The Goodwin Sands, a notorious shifting sandbank which sits just off the Kent coast at Deal, has played both villain and victor over the centuries. More than 2,000 ships are believed to have been wrecked there, but the sandbank has also provided safe anchorage for fleets of ships from numerous stormy nor’easters since Nelson’s day. Leaving the anchorage via the highest tide was critical as in some places the sands sit only a few feet below the low water mark. Laterally, to help the sailors, the Victorians built a “Timeball Tower” in the town of Deal. Clearly visible from the sea, some four storeys above the streets below, a large black ball would be raised up a mast and dropped every day at 1pm, assisting mariners in accurately setting their chronometers. This enabled them to calculate the tidal height relative to 1pm and ensure accuracy on their impending arduous voyages. Get your timing wrong and it could have serious consequences for you and those around you. It’s where the expression “keep your eye on the ball” was born, and it’s been heard frequently on the links at Deal and at Royal Cinque Ports Golf Club ever since.
This challenging, duned stretch of golfing beauty hugs a narrow strip of rippling land between the omnipresent beach and the aptly named Golf Road, tucking these 1892 links into a classic out-and-back format that uses small variations in direction, multiple tee boxes and tight fairways to test the golfer at every hole. Its 66 bunkers are cleverly located to offer a series of risk-and-reward shots and, with a number of difficult doglegs, the work of James Braid post-WW1 can be seen around the course. He must have had some fun here.

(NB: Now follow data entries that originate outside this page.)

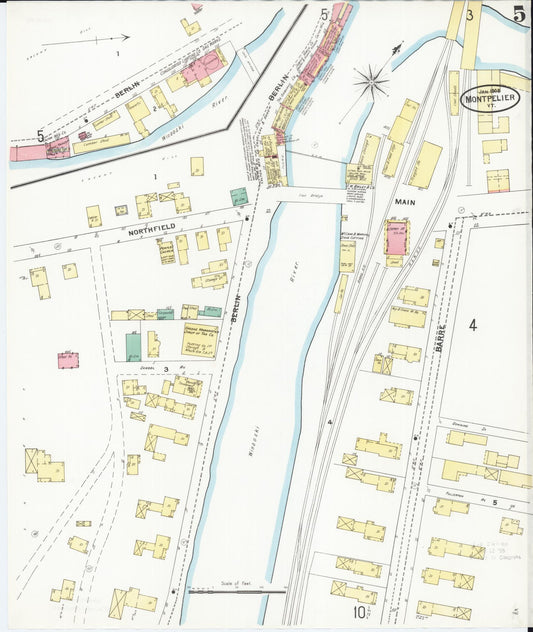 Sanborn Fire Insurance Map from Montpelier, Washington County, Vermont (1905), Sheet #0005 - Historic Sanborn Fire Insurance Map Print, vintage old map wall art, antique decor, genealogy gift, Vermont Vermont map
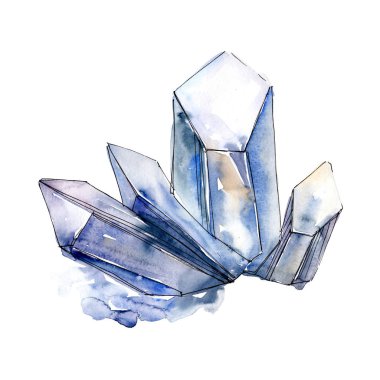 Mavi elmas taş takı mineral. İzole illüstrasyon öğesi. Geometrik kuvars çokgen kristal taş mozaik şekil Ametist mücevher.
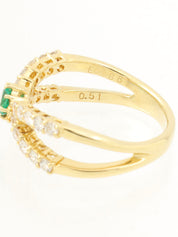 18Kエメラルドダイヤモンドデザインリング ゴールド/グリーン #12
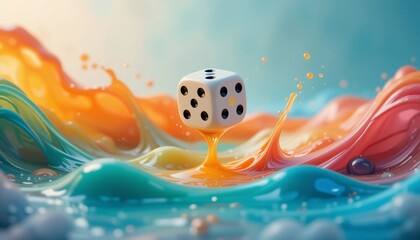 Vibrant Colorful Liquid Splash with Dice Abstract Gaming Concept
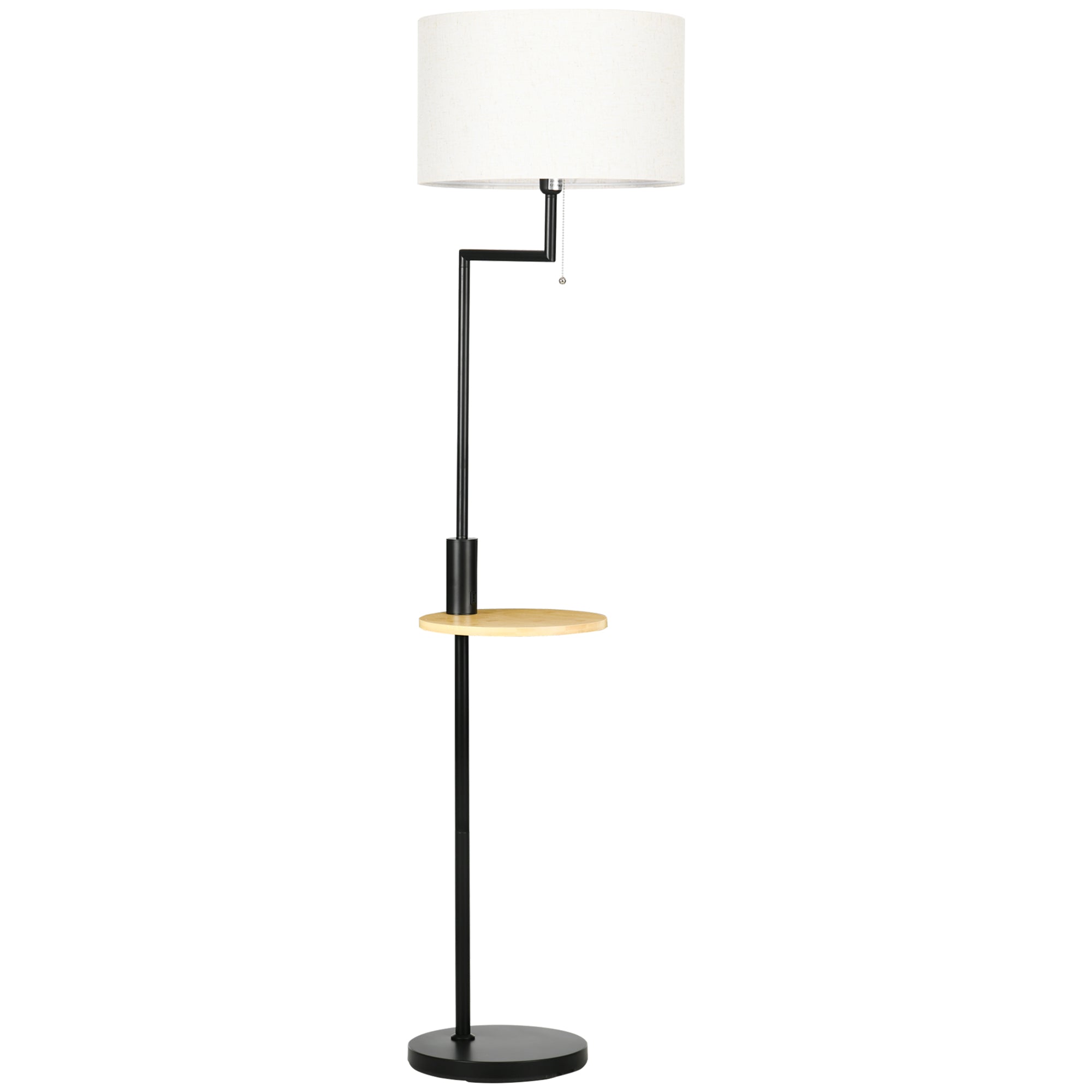 Elegant Gulvlampe med Hylde i Bambus - Moderne Design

Like its neighbours, these links have hosted the Open Championship. In 1909 JH Taylor conquered its fairways with hickory and Haskell, his three 74s and a 73 an impressive achievement. The course lies below sea level in many places and as a result twice suffered flooding when the sea breached the dunes, which resulted in a new sea dyke being built the length of the course to protect against those nor’easters, but also saw the course’s removal from the rota. The quality of an Open Championship venue remains though: the picturesque, red-roofed and balconied white Clubhouse overlooking the 18th green; the manicured fairways and springy turf; the challenge of the unsighted approach shot. It's all there.

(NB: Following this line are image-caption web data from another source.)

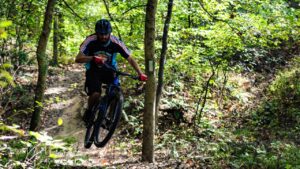 man mountain biking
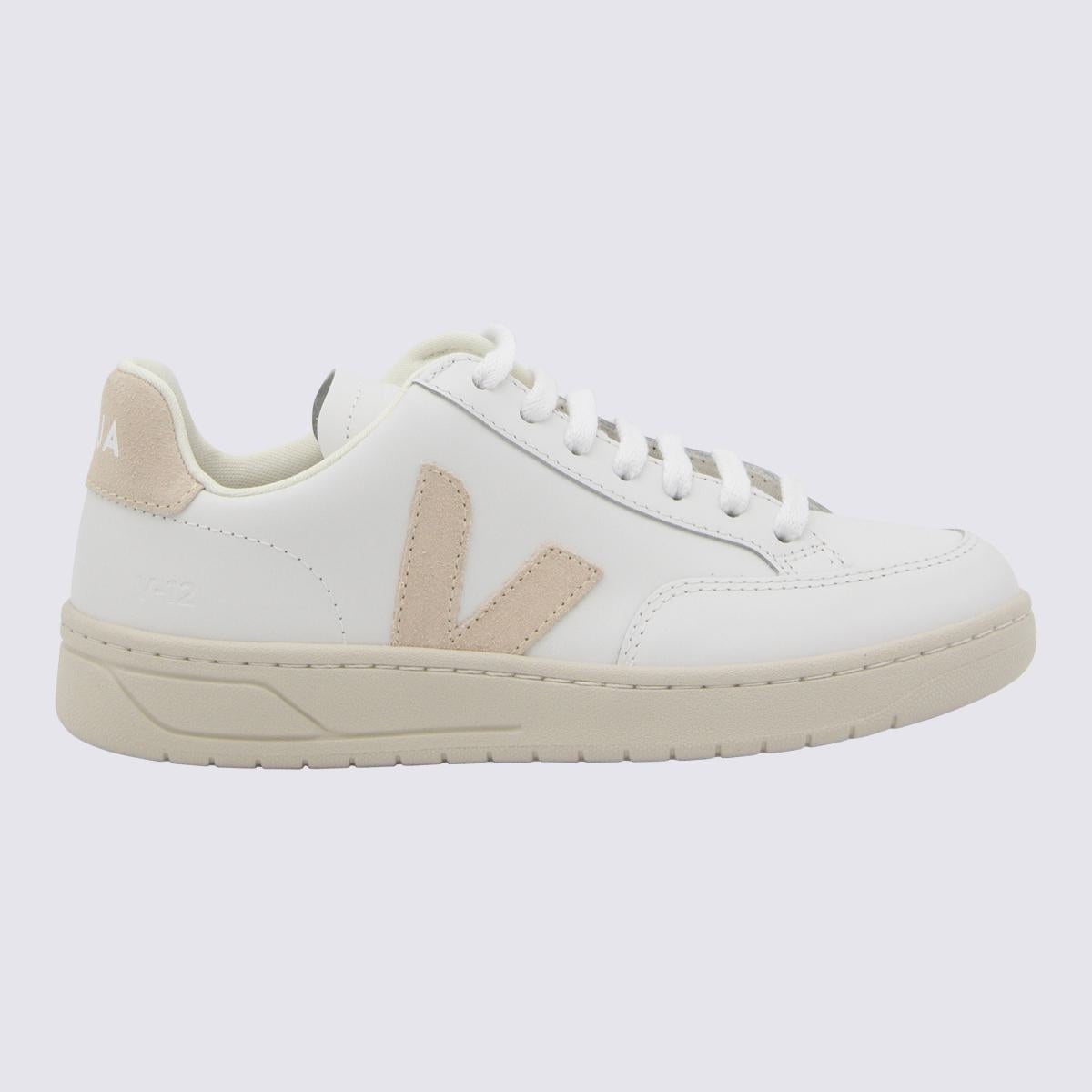 VEJA WHITE AND PINK LEATHER V-12 SNEAKERS - 1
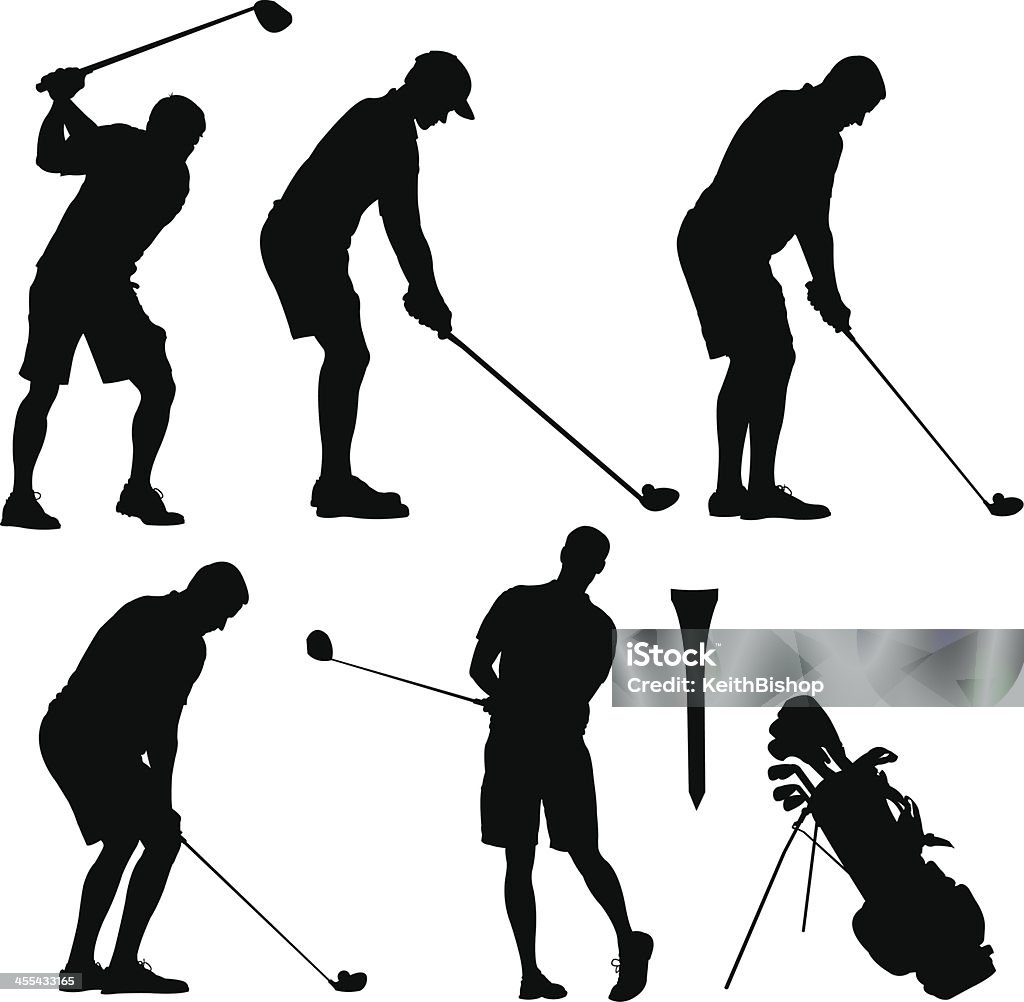 Golfers Teeing Off with Golf Bag and Tee Silhouette style illustrations of a golfers teeing off with a golf bag and tee. Check out my "Golf" light box for more. Golf stock vector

It's a short walk from the Clubhouse and past the Pro Shop to the first tee, where a hexagonal wooden hut with a weather vane on its top gives you some indication of how the breeze might assist (or not) your opening drive. The rolling, tumbling fairways are some distance away as the first fairway is relatively flat, but with OOB and thickish rough tight down your right plus a burn protecting the green just like the 1st at St Andrews, you understand quickly what this course is capable of.

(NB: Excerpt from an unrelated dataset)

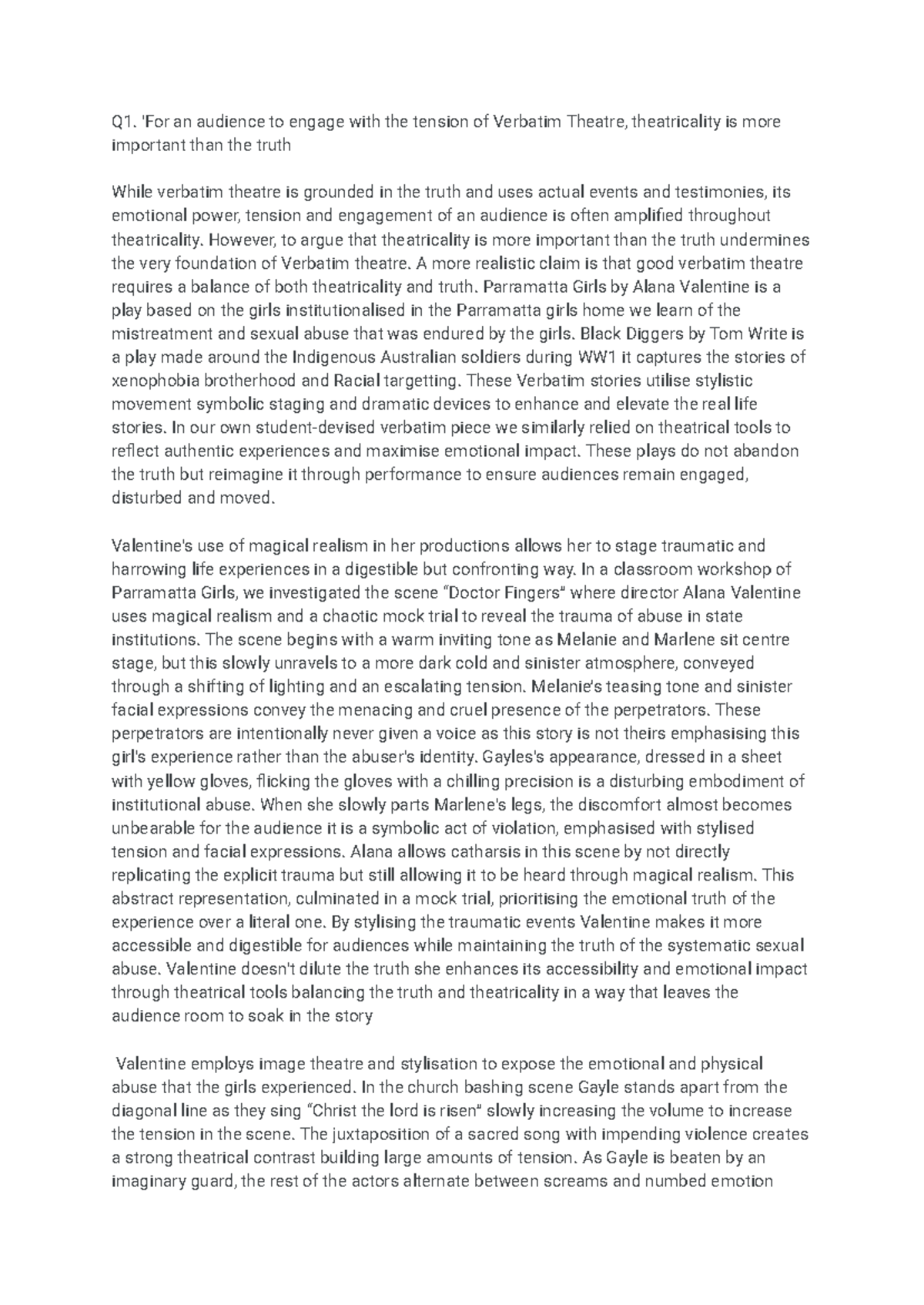 Drama Essays: Exploring Theatricality and Truth in Australian Verbatim ...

On those days where the Championship tees are trimmed and the markers move backwards, Royal Cinque Ports demands the very best of you. Some holes, such as the 13th, require almost 200 yards of carry to reach the fairway. The 5th is the same, but your tee shot here has to avoid four huge bunkers en route to the relative safety of this par-5 fairway. Today’s back tees for the 7th, 9th and 11th holes have been positioned higher, just on the seaside of the coastal walk which runs straight along the top of the wide, spreading coastal defences. On a breezy day, with the high tide whipping dollops of foam across the tee, it’s not for the faint-hearted. A decent tee shot brings an admiring ripple of applause from passing spectators, out for a stroll along the beach wall. The home stretch is as demanding a set of holes as you will find anywhere. Seemingly ever-tighter fairways, defined by neatly-edged fields of fescue and marram-clad mounds, are epitomised by the par-5 16th where you have effectively three routes to the green, and two fairways to choose from, separated by a snaking ridge of penal rough and sandy hollows.
Punchbowl greens that defend themselves without the need for snarling bunkers, plateau greens with steep, sharp ledges that can kill the short approach shot and leave you with a blind chip to be nipped off the turf, and swaled greens with slopes so vast that they remind you of the rolling waves you hear breaking only yards away. This course has it all, and as a golfer’s club it rewards its members daily. For the visitor, golf in the Garden of England on a host course of the Open Championship is highly accessible, and will reward your concentration. Just remember to keep your eye on the ball though.